The nine islands of the Azores are midway in the Atlantic between Europe and North America. Forming the westernmost point of Europe, these volcanic islands are a paradise for nature lovers and people looking for an active holiday. The scenery is spectacular and includes waterfalls, volcanic craters, iridescent blue crater lakes, thermal springs, geysers, wild hydrangeas and the highest peak in Portugal – Mount Pico. The Azores are a great holiday for the active. You can walk, cycle, rock climb, canyon and canoe. And with real opportunities for spotting whales and dolphins, wildlife enthusiasts will be happy too. There is one direct flight a week to the Azores although on other days you can fly via Lisbon. The Azores are best seen on a multi-island itinerary of at least seven days – see below for information on each island. Please do get in touch if you would like to visit these magical islands.
All of the islands have great walking trails and many of the walks can be self-guided. But the well known ascent of Pico should be done with a guide. There are some excellent walking guide books and a decent map is available.

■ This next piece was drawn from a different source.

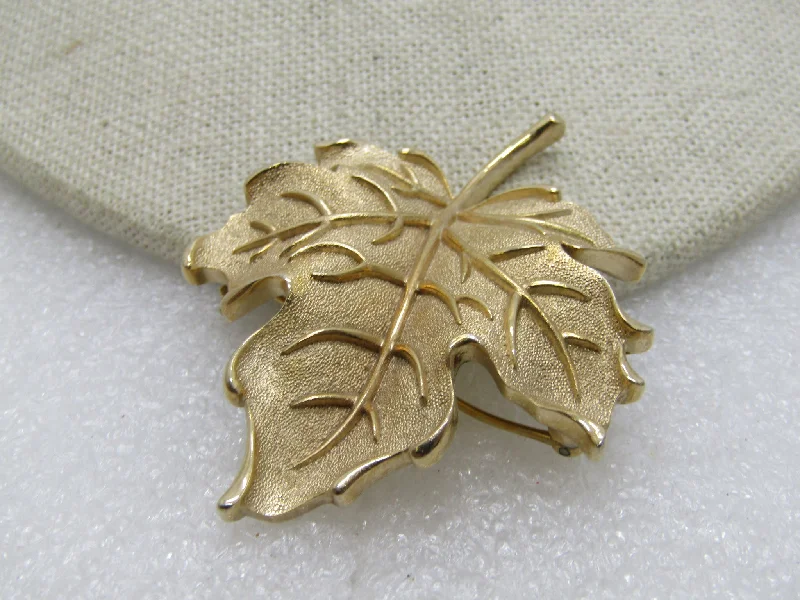 Crystal flower brooch-Vintage Crown Trifari Leaf Brooch, Gold Tone, Textured & Shiny, 1960's-1970's, 2.25"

Known as Ilha Verde (Green Island), Sao Miguel is the largest of the Azores with vibrant blue crater lakes and hedgerows packed with hydrangea from April to early summer. There are hot springs and geysers and the Spa town of Furnas has a thermal mineral lake and botanical gardens. There is also a pineapple plantation on Sao Miguel. It is a great island for an action packed holiday – you can walk, cycle, canoe, canyon and rock climb. For a taste of local cuisine, try the traditional meal of meat and veg cooked underground in the vapours from the mineral springs. There is some lovely walking including to and around Sete Cidades – two lakes, one blue, one green, said to have been created from the tears of two lovers forced to part.
Graciosa is a laid back island with picturesque scenery of idyllic pastures, whitewashed houses, and red tipped windmills. Walking is not the main attraction but you can walk around the caldera at the Furna do Enxofre and there are other walks in the rolling countryside.

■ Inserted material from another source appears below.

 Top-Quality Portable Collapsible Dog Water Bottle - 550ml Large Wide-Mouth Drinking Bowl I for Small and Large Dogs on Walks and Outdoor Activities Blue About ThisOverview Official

Some call Faial the blue island because of the abundant hydrangeas that bloom spectacularly blue in July and August. The marina of Horta is a big attraction, a place where transatlantic yachts stop to restock supplies and fuel and where you can take some great whale watching trips. Visit Capelhinos, the site of a major volcanic eruption in 1957 which added another 2km to the island.
There are seven crater lakes on Flores and incredible wild hydrangeas. Part of the sheer coastline of Flores has roughly twenty waterfalls cascading down the lush greenery. They are the westernmost islands of the Azores. The most western point in Europe!
Sao Jorge is one of the best islands for walkers in the archipelago. The landscape is doored with over forty fajas, small plains created by solidified lava. The island is famous for its cheese, a semi hard cheese similar to cheddar.
Pico is dominated by the dormant volcanic cone of Pico, the highest point in Portugal. Walks on the island are plentiful but an ascent of Pico with a guide is a must. Elsewhere on the island you will find vineyards growing the Pico Verdelho grapes.
The island's historic capital Angra do Heroismo is a UNESCO world heritage site and its cobbled streets appear untouched by time. Once the centre of Atlantic trading, a visit here will make you think of pirates and treasure ships. Elsewhere in the centre of the island there is some great walking and cycling, this is another fabulous way to see the island. You can also take whale watching tours from here.
Claiming to be the the sunniest island in the archipelago because it is the furthest south, the small island of Santa Maria boasts some beautiful white sand beaches. There is great diving around the islets off the coast , some nice walking and lovely sea swimming pools, some built into lava formations.